HTTPOTLPThrottledTotal *prometheus.CounterVec
// --- DB pool (sampled every 5s from sql.DB.Stats) ---
DBPoolOpenConnections prometheus.Gauge
DBPoolInUse prometheus.Gauge
DBPoolIdle prometheus.Gauge
DBPoolWaitCount prometheus.Gauge
DBPoolWaitDuration prometheus.Gauge // cumulative seconds
// --- DLQ eviction (Task 8) ---
DLQEvictedTotal prometheus.Counter
DLQEvictedBytesTotal prometheus.Counter
// --- Dashboard p99 (Task 10) ---
DashboardP99RowCapHitsTotal prometheus.Counter
// --- Vectordb persistence ---
// VectorSnapshotWritesTotal counts snapshot write attempts, labeled
// {result=success|failure}. Alert on rate(failure[10m]) > 0.
VectorSnapshotWritesTotal *prometheus.CounterVec
// VectorSnapshotDurationSeconds is the WriteSnapshot wall-clock
// duration. Histogram so operators can SLO p95 / p99.
VectorSnapshotDurationSeconds prometheus.Histogram
// VectorSnapshotSizeBytes gauges the on-disk size of the latest
// successful snapshot. Sudden growth signals a maxSize bump or a
// schema change worth investigating.
VectorSnapshotSizeBytes prometheus.Gauge
// VectorSnapshotLoadTotal counts startup snapshot loads, labeled
// {result=success|missing|corrupt}. corrupt = magic/version/crc/decode
// failure — caller falls back to a full DB rebuild.
VectorSnapshotLoadTotal *prometheus.CounterVec
// VectorReplayLogsTotal accumulates rows processed by ReplayFromDB
// across the daemon's lifetime.
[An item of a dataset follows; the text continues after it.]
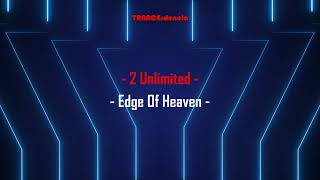 2 Unlimited - Edge Of Heaven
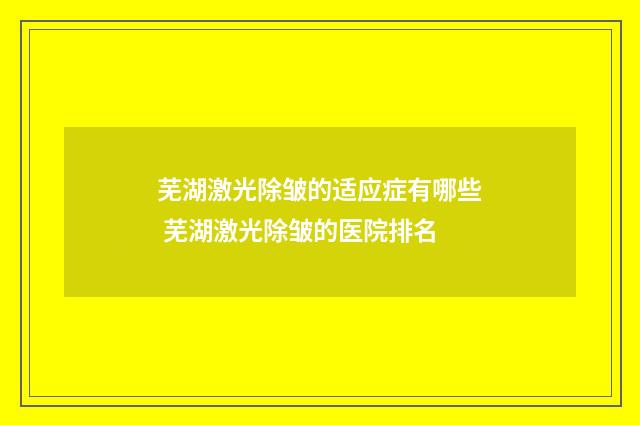 芜湖激光除皱的适应症有哪些 芜湖激光除皱的医院排名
The rate spikes only at startup
// (catching the snapshot→now gap), then stays flat.
VectorReplayLogsTotal prometheus.Counter
// contains filtered or unexported fields
}
Metrics holds all internal Prometheus metrics for OtelContext self-monitoring.
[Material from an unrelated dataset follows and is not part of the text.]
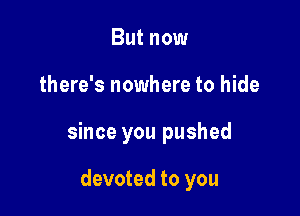 But now

there's nowhere to hide

since you pushed

devoted to you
func (*Metrics) DecrementActiveConns ¶
func (m *Metrics) DecrementActiveConns()
func (*Metrics) GetHealthStats ¶
func (m *Metrics) GetHealthStats() HealthStats
func (*Metrics) HealthHandler ¶
func (m *Metrics) HealthHandler() http.HandlerFunc
func (*Metrics) HealthWSHandler ¶
func (m *Metrics) HealthWSHandler() http.HandlerFunc
HealthWSHandler returns an HTTP handler that upgrades to WebSocket and pushes HealthStats snapshots every 3 seconds. An immediate snapshot is sent on connection so the client never has to wait for the first tick.
func (*Metrics) IncrementActiveConns ¶
func (m *Metrics) IncrementActiveConns()
func (*Metrics) ObserveDBLatency ¶
func (*Metrics) ObserveIngestDuration ¶
ObserveIngestDuration records an end-to-end OTLP Export latency for the given signal. Callers should pass time.Since(start) measured from the very start of the Export handler. Nil-safe so the OTLP servers can be wired without a Metrics instance during tests.
func (*Metrics) RecordIngestion ¶
func (*Metrics) RecordVectorReplayLogs ¶
RecordVectorReplayLogs adds rows processed by ReplayFromDB to the lifetime counter. Called once after the startup tail-replay completes.
func (*Metrics) RecordVectorSnapshotLoad ¶
RecordVectorSnapshotLoad is the observer hook for startup snapshot loads. result is "success", "missing" (first start, no prior file), or "corrupt" (any decode/CRC/version error → full rebuild fallback).
func (*Metrics) RecordVectorSnapshotWrite ¶
RecordVectorSnapshotWrite is the observer hook the vectordb snapshot path calls after each WriteSnapshot attempt. result is "success" or "failure"; size is the on-disk byte count after a successful rename (zero on failure).
func (*Metrics) SampleDBPoolStats ¶
SampleDBPoolStats writes the live pool stats into the DBPool* gauges. Safe to call from a ticker goroutine. A nil receiver or a nil *sql.DB is a no-op so callers don't need to guard at every call site.
WaitCount and WaitDuration from sql.DBStats are cumulative values (always monotonically increasing) — operators should compute rate() over them.
func (*Metrics) SetActiveConnections ¶
func (*Metrics) SetDLQSize ¶
func (*Metrics) StartRuntimeMetrics ¶
func (m *Metrics) StartRuntimeMetrics()
StartRuntimeMetrics samples Go runtime stats every 15 seconds.